Examples

You will find here a set of examples. The objective is to illustrate how to build simple to more complex workflows and submit them to soma-workflow.

The content of the jobs is not relevant here:
  • The “sleep” command was used in the examples to stand for any job.

  • The “cp” command was used in the examples to stand for a job reading a file and writing another file.

However, the job examples were chosen to enable anyone to copy the examples and run them directly on his machine:

Simple workflows

Basic example

_images/simple_example.png

Simple example: 4 jobs with dependencies.
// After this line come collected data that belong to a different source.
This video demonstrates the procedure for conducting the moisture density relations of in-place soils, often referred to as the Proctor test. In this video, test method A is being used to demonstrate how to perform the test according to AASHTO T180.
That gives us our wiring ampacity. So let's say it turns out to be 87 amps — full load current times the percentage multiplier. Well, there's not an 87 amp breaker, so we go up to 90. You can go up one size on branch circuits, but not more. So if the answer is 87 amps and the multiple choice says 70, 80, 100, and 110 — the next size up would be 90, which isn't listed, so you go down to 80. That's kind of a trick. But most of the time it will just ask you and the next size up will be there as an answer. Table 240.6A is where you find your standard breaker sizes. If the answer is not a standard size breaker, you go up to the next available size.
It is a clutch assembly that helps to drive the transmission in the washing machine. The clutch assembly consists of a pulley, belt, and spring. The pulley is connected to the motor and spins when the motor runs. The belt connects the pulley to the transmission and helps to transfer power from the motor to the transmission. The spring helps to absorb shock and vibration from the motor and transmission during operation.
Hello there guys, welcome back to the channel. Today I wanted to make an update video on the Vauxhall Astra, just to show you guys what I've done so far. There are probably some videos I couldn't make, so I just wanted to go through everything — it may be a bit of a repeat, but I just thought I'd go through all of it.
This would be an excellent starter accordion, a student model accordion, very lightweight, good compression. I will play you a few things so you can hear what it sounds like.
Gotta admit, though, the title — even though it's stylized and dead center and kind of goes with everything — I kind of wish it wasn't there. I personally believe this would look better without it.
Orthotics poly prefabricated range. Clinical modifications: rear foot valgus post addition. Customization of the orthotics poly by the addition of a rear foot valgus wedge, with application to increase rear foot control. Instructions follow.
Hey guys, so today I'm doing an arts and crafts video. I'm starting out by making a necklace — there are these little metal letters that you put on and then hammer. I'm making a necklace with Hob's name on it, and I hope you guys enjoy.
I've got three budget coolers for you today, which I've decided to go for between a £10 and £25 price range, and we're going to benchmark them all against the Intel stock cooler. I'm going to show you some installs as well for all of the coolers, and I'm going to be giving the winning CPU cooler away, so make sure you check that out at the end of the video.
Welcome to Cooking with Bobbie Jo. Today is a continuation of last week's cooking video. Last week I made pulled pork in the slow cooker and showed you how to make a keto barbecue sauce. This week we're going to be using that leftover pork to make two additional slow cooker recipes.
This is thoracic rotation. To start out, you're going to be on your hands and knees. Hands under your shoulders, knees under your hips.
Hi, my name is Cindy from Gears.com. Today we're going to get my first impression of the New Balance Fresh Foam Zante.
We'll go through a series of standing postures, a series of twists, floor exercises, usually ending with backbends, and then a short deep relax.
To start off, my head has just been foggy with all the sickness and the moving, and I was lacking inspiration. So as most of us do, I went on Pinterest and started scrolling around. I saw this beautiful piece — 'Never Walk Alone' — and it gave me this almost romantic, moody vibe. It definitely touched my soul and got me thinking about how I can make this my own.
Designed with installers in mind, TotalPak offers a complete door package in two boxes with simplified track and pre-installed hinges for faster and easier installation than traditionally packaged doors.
from soma_workflow.client import Job, Workflow, Helper


# create the workflow:

job_1 = Job(command=["sleep", "60"], name="job 1")
job_2 = Job(command=["sleep", "60"], name="job 2")
job_3 = Job(command=["sleep", "60"], name="job 3")
job_4 = Job(command=["sleep", "60"], name="job 4")

jobs = [job_1, job_2, job_3, job_4]
dependencies = [(job_1, job_2),
                (job_1, job_3),
                (job_2, job_4),
                (job_3, job_4)]

workflow = Workflow(jobs=jobs,
                    dependencies=dependencies)

# save the workflow into a file
Helper.serialize("/tmp/workflow_example", workflow)

Run the Python script, then open the GUI (command: “soma_workflow_gui”).

In the GUI, you can now:
  • Open the workflow file.

  • Submit the workflow to the computing resource of your choice.

  • Monitor the workflow execution:

_images/simple_example_gui.png

See also

The workflow creation API for a full description of job and workflow options.

Workflow with Group

Creating groups can be useful to organize jobs within workflows for displaying purpose. Groups do not have any impact on the execution of workflows.

_images/simple_example_group.png

Simple example with a group: 30 jobs are in the group “my 30 jobs”.

from soma_workflow.client import Job, Workflow, Group, Helper


# create the workflow:
jobs = []
dependencies = []
group_elements = []

first_job = Job(command=["sleep", "10"], name="first job")
last_job = Job(command=["sleep", "10"], name="last job")

jobs.append(first_job)
jobs.append(last_job)

for i in range(0, 30):
  job = Job(command=["sleep", "60"], name="job " + repr(i))

  jobs.append(job)

  dependencies.append((first_job, job))
  dependencies.append((job, last_job))

  group_elements.append(job)


thirty_jobs_group = Group(elements=group_elements,
                          name="my 30 jobs")

workflow = Workflow(jobs=jobs,
                    dependencies= dependencies,
                    root_group=[first_job, thirty_jobs_group, last_job])

# save the workflow into a file
Helper.serialize("/tmp/workflow_example", workflow)

Run the Python script, then open the GUI (command: “soma_workflow_gui”) to open, submit and monitor your workflow:

_images/simple_example_group_gui.png

The 30 jobs within the group can be extended (visible) or collapsed (hidden).

Go further with the client-server mode

When the computing resource you want to use is configured in the mono process mode (this is the case if you use your multi core machine without special configuration), all the workflows must run in a single session and the workflow executions are stopped when this session is closed. In this case, it is thus safer to save the workflows into files and submit them through the same GUI you will use to monitor the execution (the workflows will be stopped if you close the GUI).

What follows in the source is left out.